Sí, conocimos allá por mediados de los noventa a gente joven y llena de energía que afirmaba con toda seguridad que el cine había empezado con Asesinos natos de Oliver Stone. Qué se puede responder a eso. Cualquier cosa que opongas será tomada como clásico vómito de un aparato digestivo cinematográfico, o musical, ya disfuncional y avejentado.

¡Pero no! Reivindicamos mucho de lo nuevo que hoy mismo se está haciendo, así que esa respuesta es inoportuna e inadecuada, porque no contesta a lo que decimos, sino a algo que no decimos.

Patata-atún. Cualquiera, desde hace doce o quince años (serán más, seguramente) se ha parado en un semáforo y ha tenido que aguantar que a su lado se parara otro coche, en general de la gama deportivo-cutre-de-los-de-presumir con las ventanas cerradas pero la música audible como si estuvieran abiertas, que te metía hasta lo más profundo de tu tiroides ese ritmo patata-atún, patata-atún, continuo y sin alteraciones. Y como esos figuras de conductores oyentes suelen ser adictos a los tópicos, ponían y ponen sus aparatos a tope de graves, de modo que de melodía, si es que así pudiera llamarse, o de voz (o qué sé yo: pífanos), poco. Bajo eléctrico, probablemente de teclas, o ni siquiera de teclas, sino una cosa bien generada digitalmente, inalterable y continua, patata-atún, patata-atún. Hasta que acababas preguntando a alguien no tan viejo como tú: ¿es que todos escuchan la misma canción? Y tras las risas que te sueltan, y tras las explicaciones, por fin comprendes: no, es que todas esas «canciones» llevan la misma base rítmica, pero con los graves a tope casi sólo se oye esa base rítmica.

Acabáramos.

Porque resulta, y así se va entendiendo más paso a paso, que importa poco la creación musical. No, no vamos a caer en la trampa de definir eso. ¿Por qué tenemos que ser nosotros los que definamos lo que nadie ha podido definir? Tiene que bastar con que digamos: algo del mismo género de cosas que hacían los Pink Floyd o The Flying Burrito Brothers, o Debussy o Liszt. Estos no hicieron pasteles, ni casas, ni cuadros, ni esculturas.

Ni lo dejaron todo pendiente y dependiente del mejor maquillaje y la mejor iluminación para que saliera el mejor plano corto mirando a cámara e interponiendo el dedo corazón de ambas manos bien estirado, saludando así a la audiencia.
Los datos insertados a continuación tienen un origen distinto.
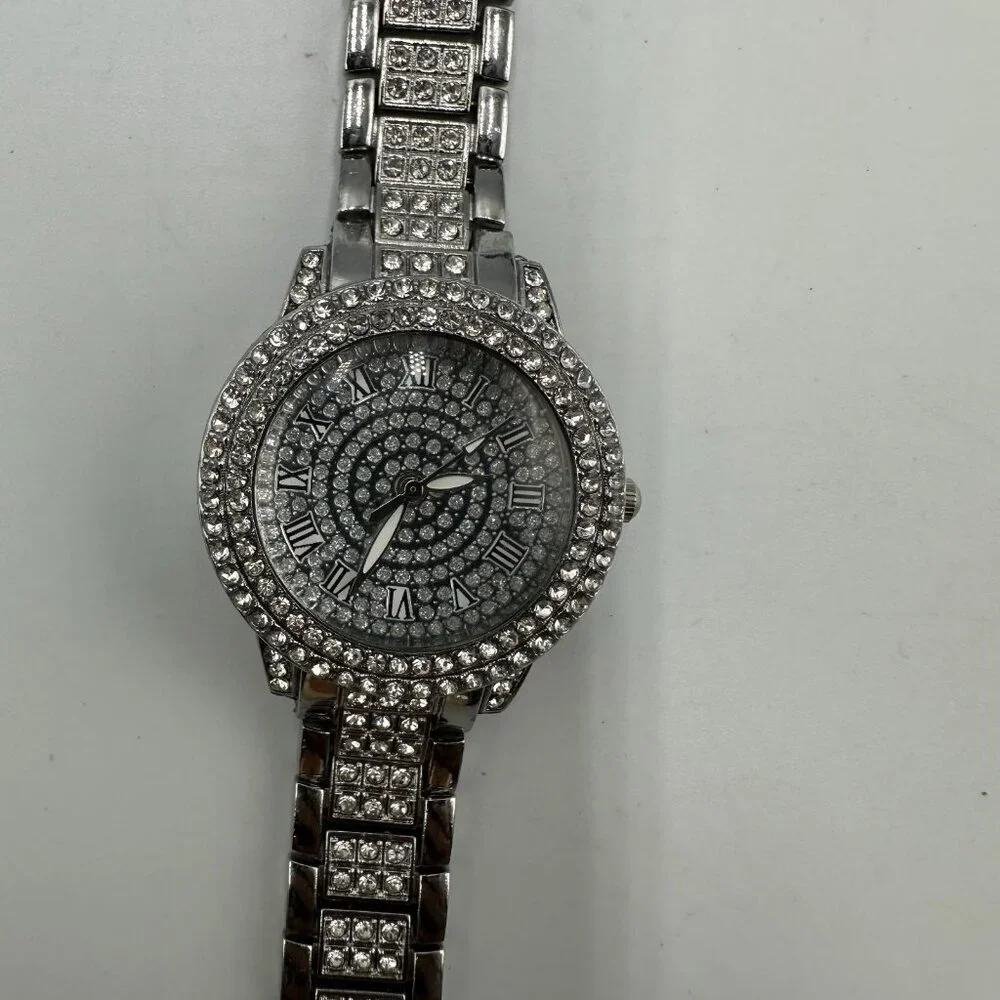 3/$30 Rhinestone Watch Women Silver Tone Pave Dial Roman Numerals Iced Out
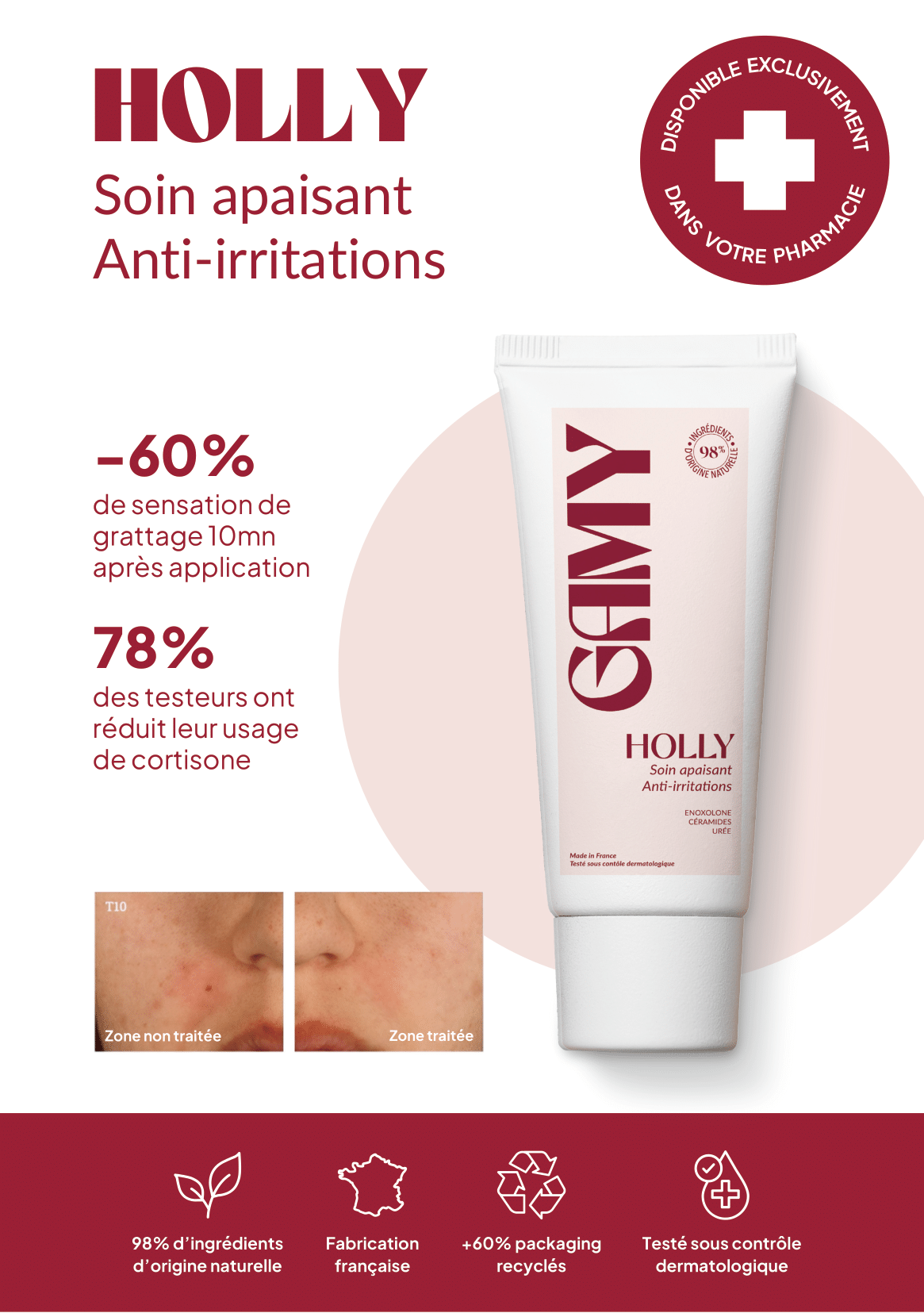 HOLLY - Soin apaisant anti-irritations pour peaux sensibles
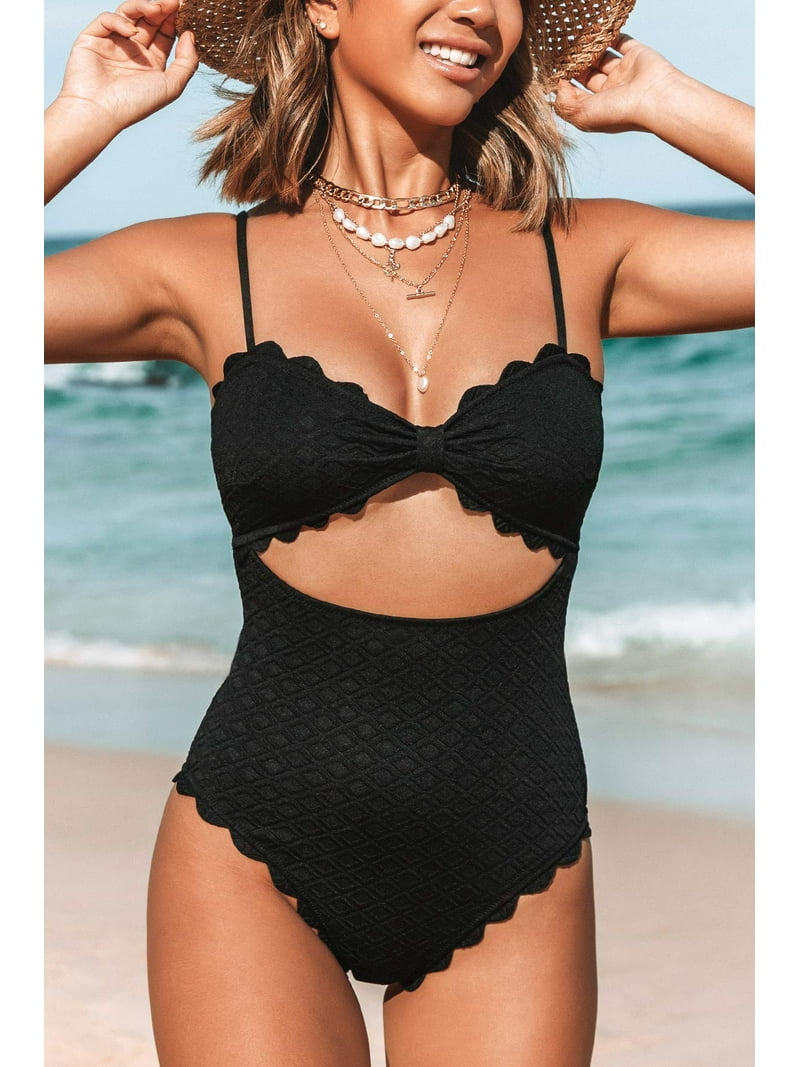 Cupshe Women's One Piece Swimsuit, Black Cutout Knotted Scallop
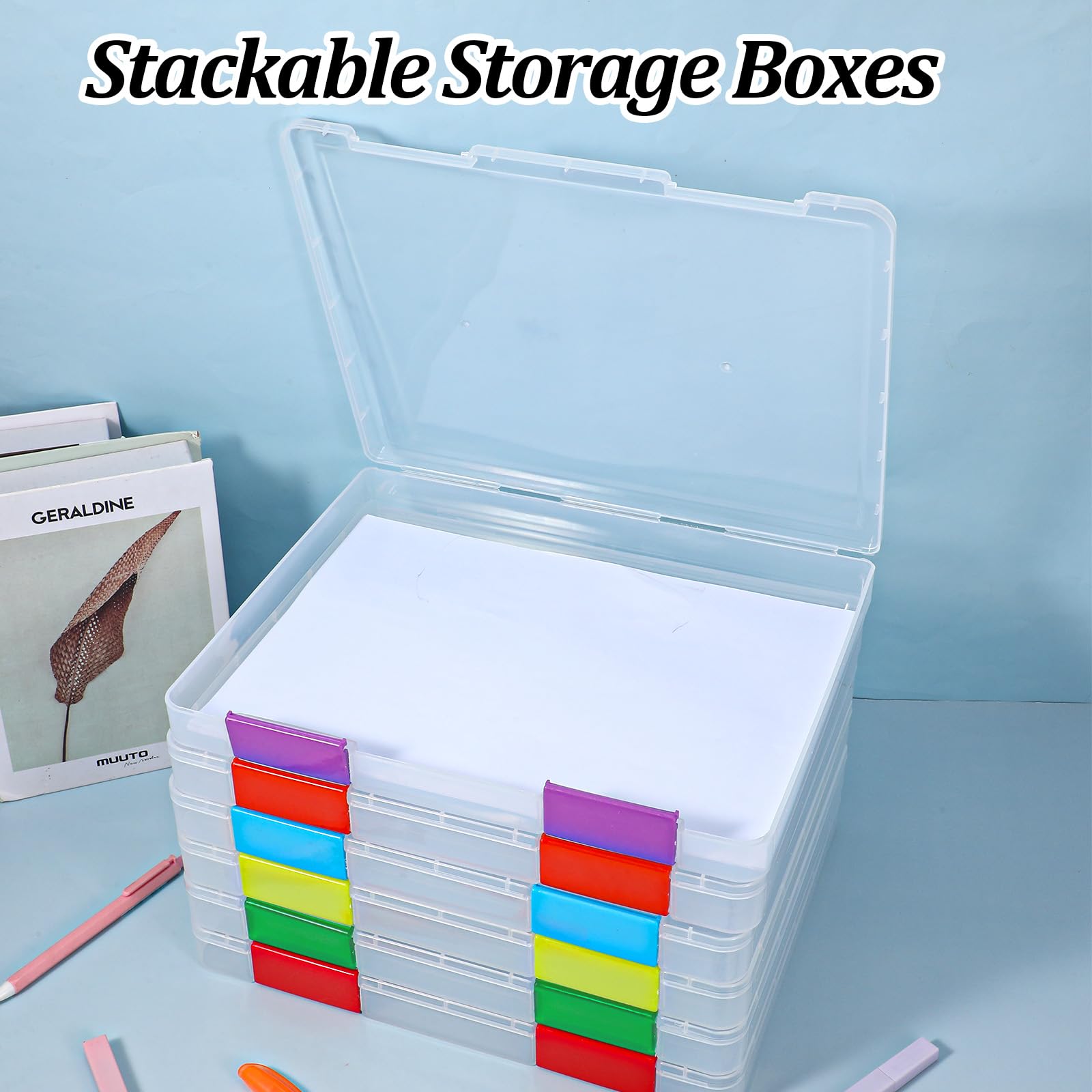 Transparente A4-Aktenbox für Dokumente, Kunststoff, Brettspiel, Aufbewahrungsbehälter, Zeitschriftenschutz, Aktenhalter mit Schnalle, bunt, 32 x 24 x 3 cm, 6 Stück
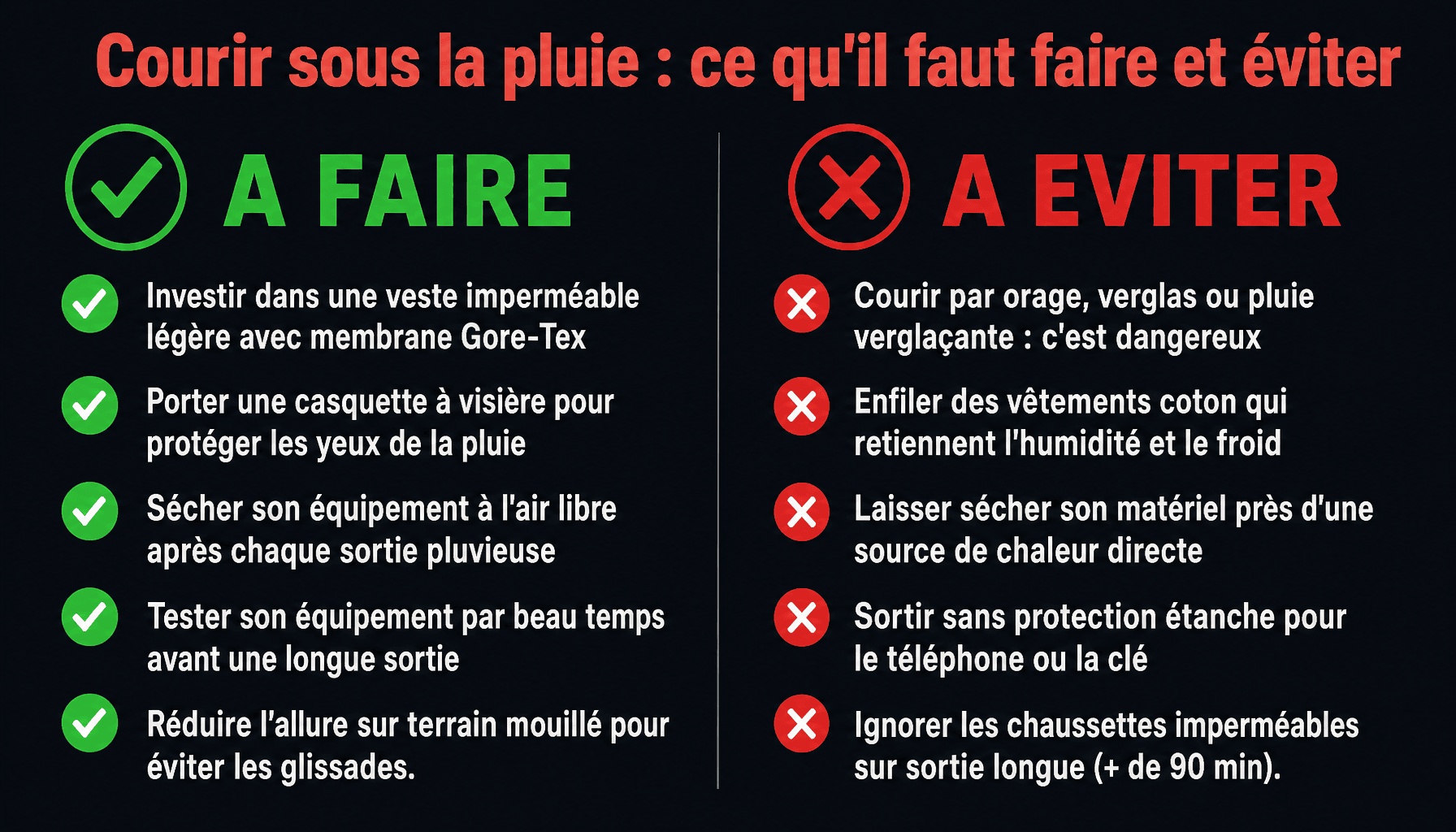 Infographie courir sous la pluie : équipement, sécurité et entretien à faire et à éviter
No la mitad, sino a menudo tres cuartas partes de sus productos parecen ser «lo visual», el vídeo ese que han hecho para presentar… no se sabe muy bien qué: para presentar el vídeo mismo, se diría.

Que se saquen el dedo entre ellos, pues muy bien. Pero a mí que me dejen en paz: con eso no se justifica el patata-atún que intentan adornar con gorgoritos o melismas absurdos, o con cruces de brazos en perfil como de adolescente idiota desafiante de 40 años.